TMSF’den yapılan açıklamada, son günlerde kimi medya organlarında, Fon ile ilgili gerçeğe muhalif açıklamalar yapıldığının görüldüğü söz edildi. Açıklamada, kelam konusu kanun değişikliğinin, Resmi Gazete’nin 28.05.2022 tarihli ve 31849 sayılı nüshasında yayımlanmış olan 7407 sayılı Kanun’da yer alan 5411 sayılı Bankacılık Kanunu’nun 127’nci hususunun dördüncü, beşinci ve altıncı fıkralarındaki değişikler olduğu kaydedildi.

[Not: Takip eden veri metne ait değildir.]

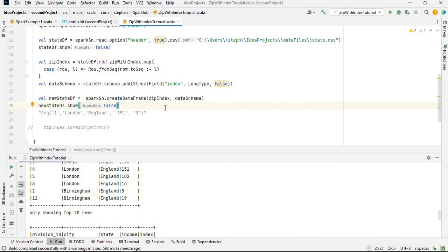That is basically how you can use zipWithIndex to add an index to your DataFrame records. That's it for this video, guys. Thank you for watching — don't forget to leave a comment, hit the like button and the subscribe button. I hope to see you in the next video. Have a lovely day, goodbye!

Geçen sene kanunun yayımı üzerine yapılan birtakım tenkit ve taraflı haberlere karşı bu hususla ilgili ayrıntılı açıklama yapılmasına karşın, kasıtlı olarak bu yanlış haberlere devam edildiği vurgulanan açıklamada, şu tabirlere yer verildi:
– “MEMUR SORUŞTURMALARINDA 1913 YILINDAN BU YANA FARKLI YÖNTEM UYGULANIYOR”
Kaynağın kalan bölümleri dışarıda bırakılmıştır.